→ **Task**
With the pictures excluded, repeat every entry exactly.

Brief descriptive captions
····················
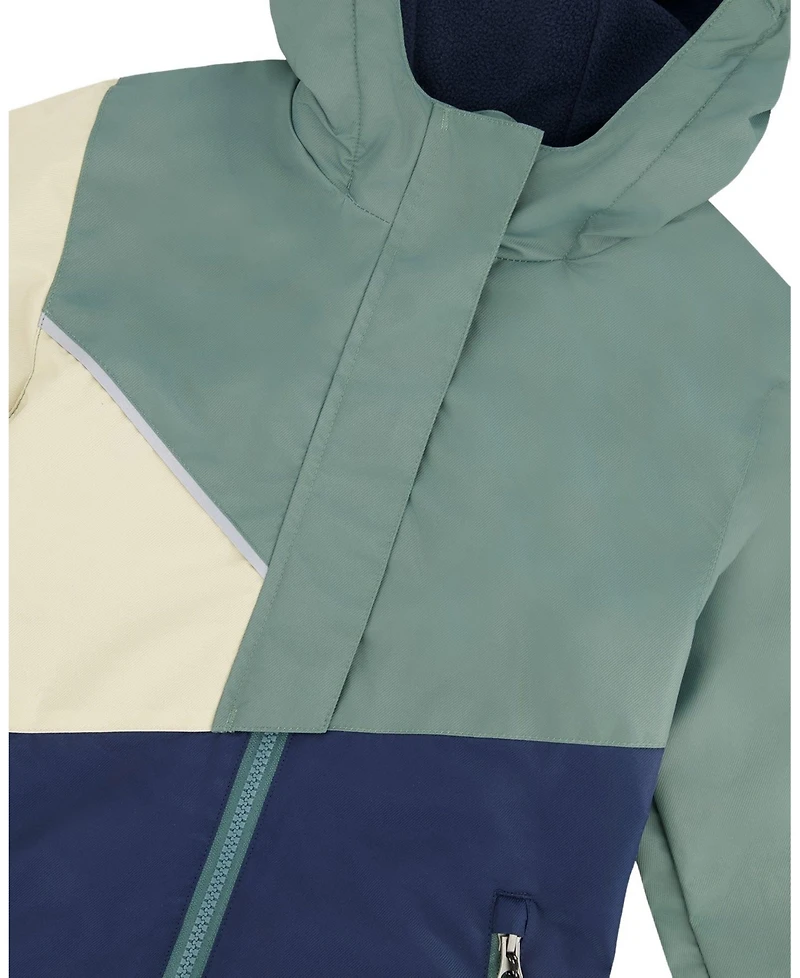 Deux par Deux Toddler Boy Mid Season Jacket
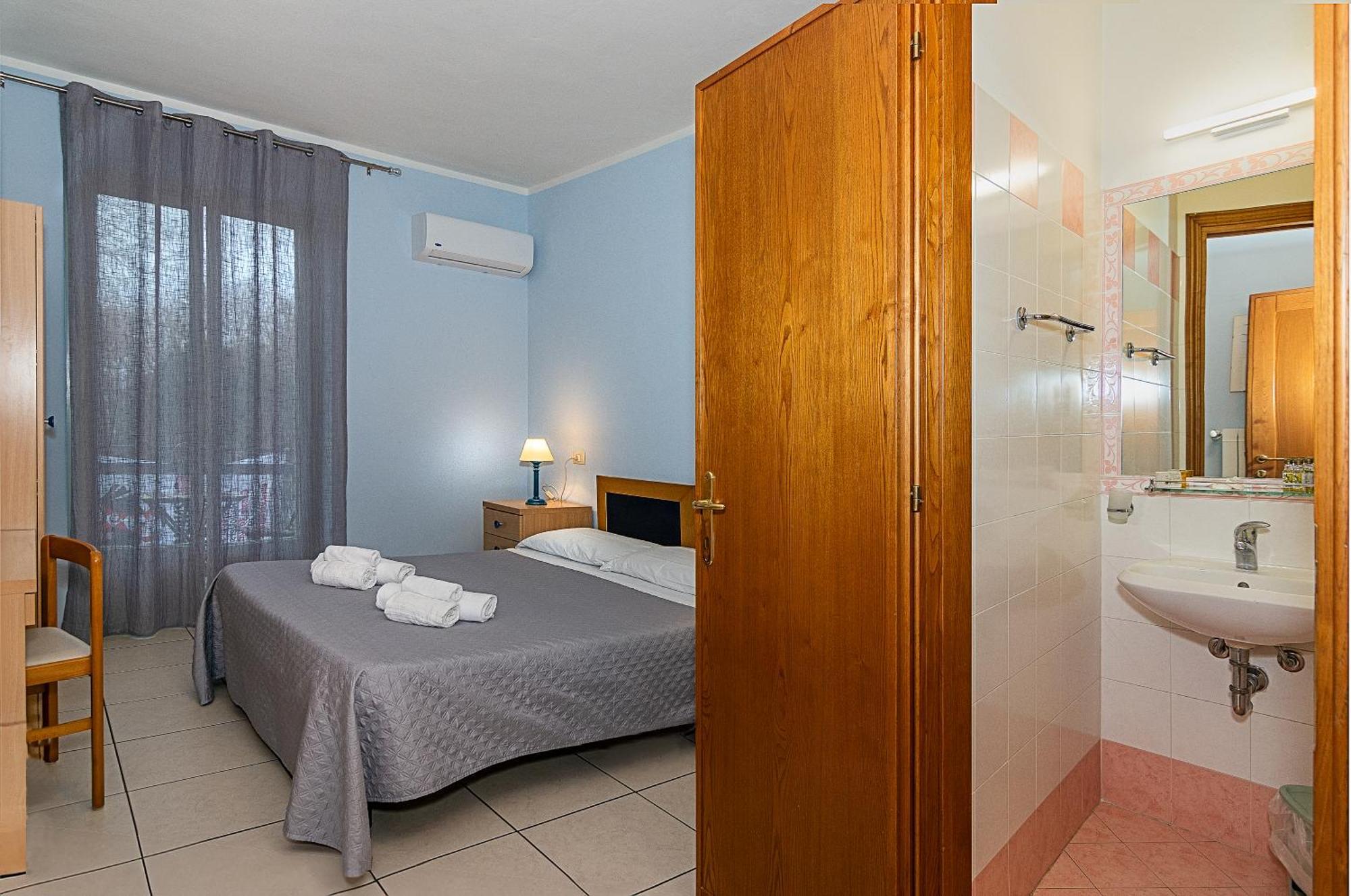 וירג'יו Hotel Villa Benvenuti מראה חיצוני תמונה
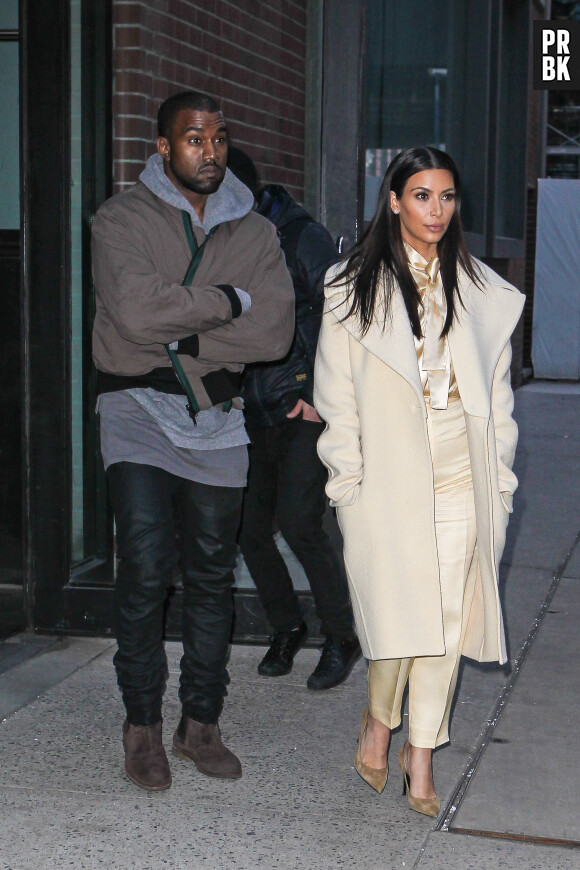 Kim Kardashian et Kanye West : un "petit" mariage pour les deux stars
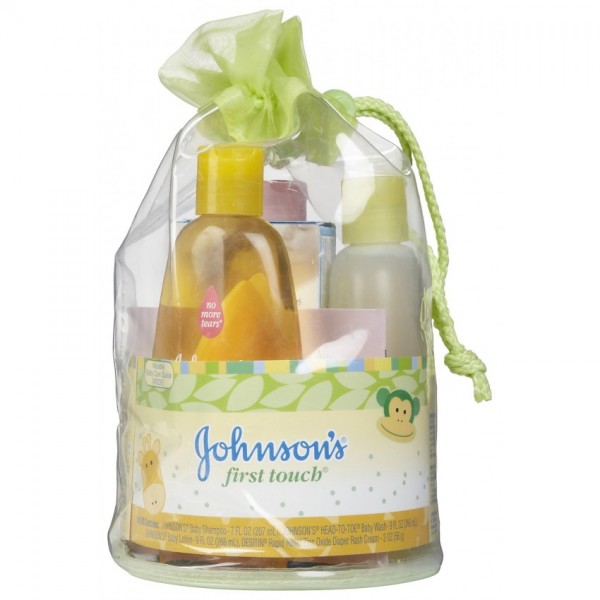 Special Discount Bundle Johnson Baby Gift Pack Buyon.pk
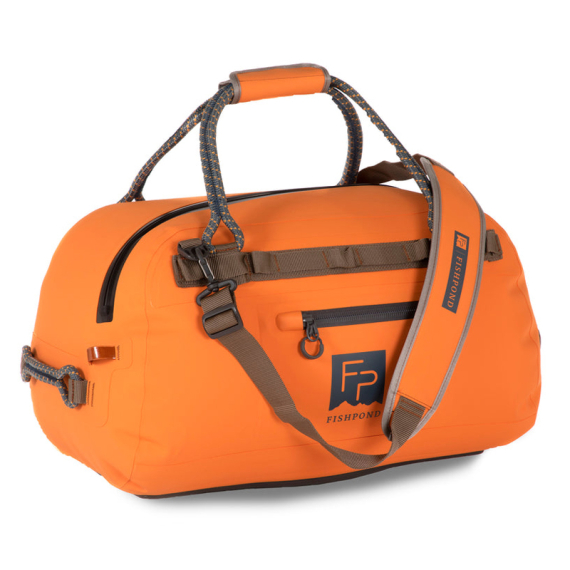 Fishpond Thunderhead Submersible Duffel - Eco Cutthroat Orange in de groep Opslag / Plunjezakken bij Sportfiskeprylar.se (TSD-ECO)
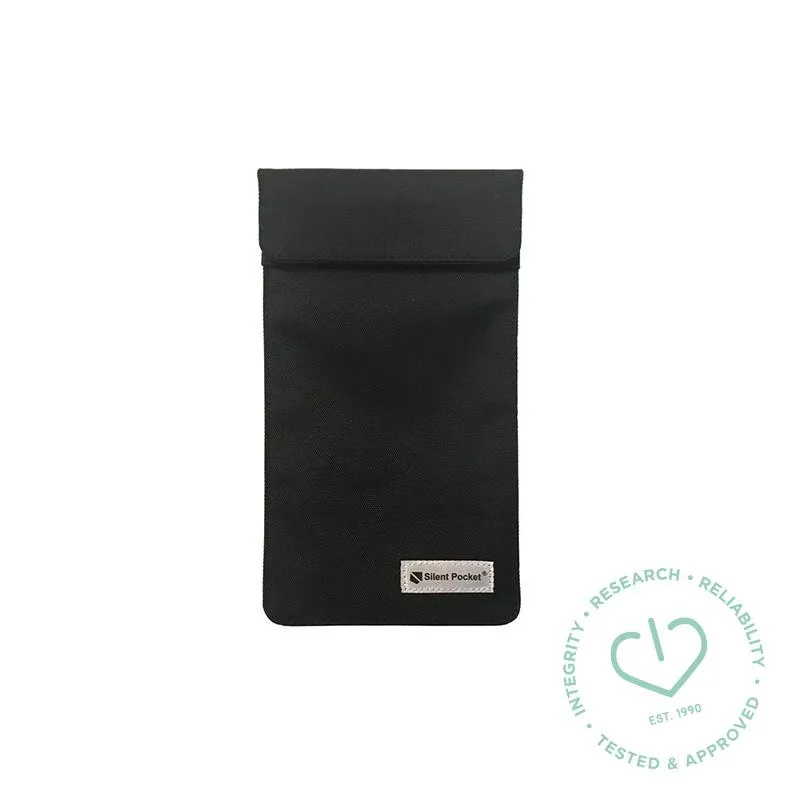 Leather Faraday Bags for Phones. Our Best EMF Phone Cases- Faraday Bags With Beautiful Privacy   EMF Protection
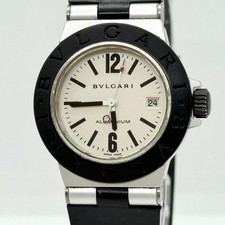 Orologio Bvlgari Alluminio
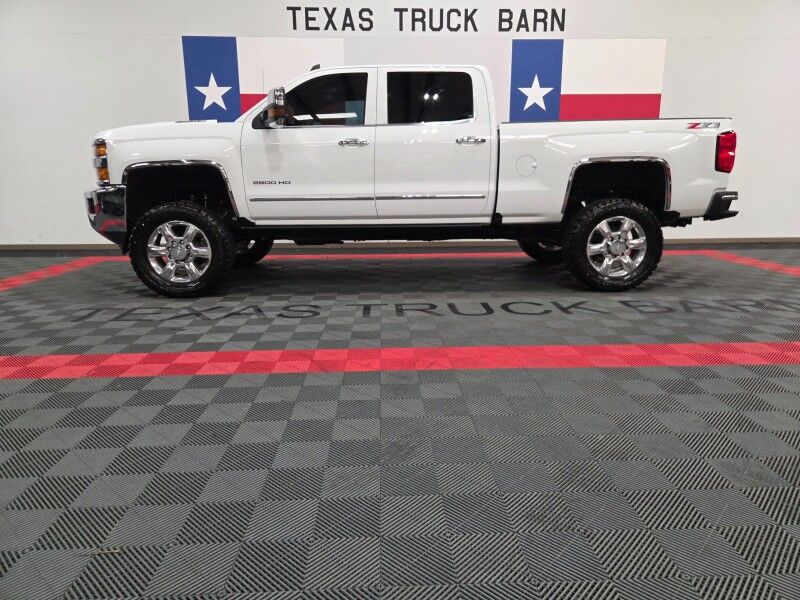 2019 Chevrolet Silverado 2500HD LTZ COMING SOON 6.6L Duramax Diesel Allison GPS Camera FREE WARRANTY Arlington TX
····················
→ **Answer**
 Deux par Deux Toddler Boy Mid Season Jacket
 וירג'יו Hotel Villa Benvenuti מראה חיצוני תמונה
 Kim Kardashian et Kanye West : un "petit" mariage pour les deux stars
 Special Discount Bundle Johnson Baby Gift Pack Buyon.pk
 Fishpond Thunderhead Submersible Duffel - Eco Cutthroat Orange in de groep Opslag / Plunjezakken bij Sportfiskeprylar.se (TSD-ECO)
 Leather Faraday Bags for Phones. Our Best EMF Phone Cases- Faraday Bags With Beautiful Privacy   EMF Protection
 Orologio Bvlgari Alluminio
 2019 Chevrolet Silverado 2500HD LTZ COMING SOON 6.6L Duramax Diesel Allison GPS Camera FREE WARRANTY Arlington TX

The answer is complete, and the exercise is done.